Sin embargo, incluso municipios con un alto grado de urbanización y actividad económica, como Tepic y Bahía de Banderas, emblemas del crecimiento urbano y turístico, lideran también la lista de localidades que concentran la mayor cantidad de pobres. Curiosamente, estos mismos lugares concentran a una gran parte de los más acaudalados. La lógica es clara: para que existan ricos, debe haber una gran cantidad de pobres.
Un dato alarmante revela que más de la mitad de la población empobrecida de Nayarit se agrupa en apenas tres municipios. De este modo, mientras en algunas zonas florecen complejos residenciales y promesas de modernidad, en otras se lucha por la mera supervivencia y todo en menos de un kilómetro de distancia.
La pobreza en Nayarit alcanza el 29.3 por ciento, colocándolo en el lugar 18 a nivel nacional. Más del 51 por ciento de su población carece de acceso a seguridad social, y cerca del 40 por ciento enfrenta deficiencias en la atención médica. El panorama es aún más desalentador para los jóvenes: el 37.9 por ciento de la población entre 12 y 29 años vive con ingresos por debajo de la línea de bienestar, según datos del INEGI.
¿Cómo hablar de acceso a la vivienda cuando lo más básico como la salud, la seguridad o un ingreso digno, sigue siendo inaccesible para tantos? La paradoja es dolorosa: mientras los precios suben impulsados por un mercado sin regulación efectiva, la mayoría de la población se hunde en la precariedad. La vivienda, que debería ser un pilar del bienestar y una meta alcanzable, se transforma en símbolo de la desigualdad estructural del país.
El problema no es nuevo, pero se ha intensificado con el tiempo. La inflación inmobiliaria no ha sido acompañada por una mejora real en los ingresos de la población. El salario mínimo ha crecido en términos nominales, pero aún está lejos de cubrir las necesidades básicas de una familia, y mucho menos de permitir la compra de una vivienda sin endeudarse durante décadas. La informalidad laboral y la falta de seguridad social agravan aún más el panorama, dejando a millones fuera del radar de los créditos hipotecarios tradicionales.
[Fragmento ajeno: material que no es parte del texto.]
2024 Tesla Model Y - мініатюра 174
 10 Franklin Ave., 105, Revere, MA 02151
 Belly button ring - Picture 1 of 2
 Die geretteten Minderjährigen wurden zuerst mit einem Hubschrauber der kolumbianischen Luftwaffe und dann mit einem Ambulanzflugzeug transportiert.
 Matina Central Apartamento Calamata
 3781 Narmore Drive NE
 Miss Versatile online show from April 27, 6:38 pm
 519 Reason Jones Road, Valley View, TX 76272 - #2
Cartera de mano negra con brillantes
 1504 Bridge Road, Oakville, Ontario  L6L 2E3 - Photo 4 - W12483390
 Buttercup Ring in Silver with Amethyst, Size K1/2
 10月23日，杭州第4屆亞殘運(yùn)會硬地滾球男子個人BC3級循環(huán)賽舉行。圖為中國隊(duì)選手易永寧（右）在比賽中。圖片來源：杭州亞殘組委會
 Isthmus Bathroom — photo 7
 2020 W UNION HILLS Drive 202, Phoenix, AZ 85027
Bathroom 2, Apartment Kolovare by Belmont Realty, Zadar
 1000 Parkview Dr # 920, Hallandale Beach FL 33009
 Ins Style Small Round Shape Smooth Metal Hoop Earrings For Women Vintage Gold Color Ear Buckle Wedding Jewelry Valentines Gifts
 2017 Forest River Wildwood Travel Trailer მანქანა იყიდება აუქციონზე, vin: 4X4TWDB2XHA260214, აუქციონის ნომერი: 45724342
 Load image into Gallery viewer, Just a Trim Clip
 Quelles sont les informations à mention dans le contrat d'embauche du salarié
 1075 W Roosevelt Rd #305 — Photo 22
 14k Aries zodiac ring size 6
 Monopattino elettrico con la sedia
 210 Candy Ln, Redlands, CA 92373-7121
Mientras tanto, las políticas públicas parecen moverse en una dirección contraria a las necesidades reales de la ciudadanía. Se sigue apostando por incentivar la construcción, sin atender la demanda real. Las desarrolladoras inmobiliarias reciben facilidades, subsidios y permisos, pero el producto que ofrecen muchas veces está fuera del alcance de quienes más lo necesitan. ¿De qué sirve construir más si las viviendas no son asequibles para la mayoría?
Es momento de repensar el modelo. Urge una estrategia integral que no solo contemple la producción de vivienda, sino que parta de la realidad social del país. Necesitamos políticas que regulen el mercado inmobiliario, que frenen la especulación y que prioricen el acceso de las familias a un hogar digno y asequible. También se requiere una inversión seria y sostenida en infraestructura básica, servicios públicos, transporte, salud y educación, especialmente en los municipios más marginados.
Asimismo, deben fortalecerse los programas de vivienda social con un enfoque verdaderamente incluyente. No se trata solo de construir casas, sino de garantizar entornos habitables, seguros, conectados y sostenibles. La vivienda no debe ser vista como una mercancía más, sino como lo que realmente es: un derecho humano.
Porque mientras no se garantice el derecho a una vivienda digna para todos, hablar de desarrollo será seguir vendiendo una promesa vacía. Y cada nuevo fraccionamiento de lujo que se inaugura en medio de comunidades empobrecidas será una muestra más de lo lejos que estamos de un país justo y equitativo.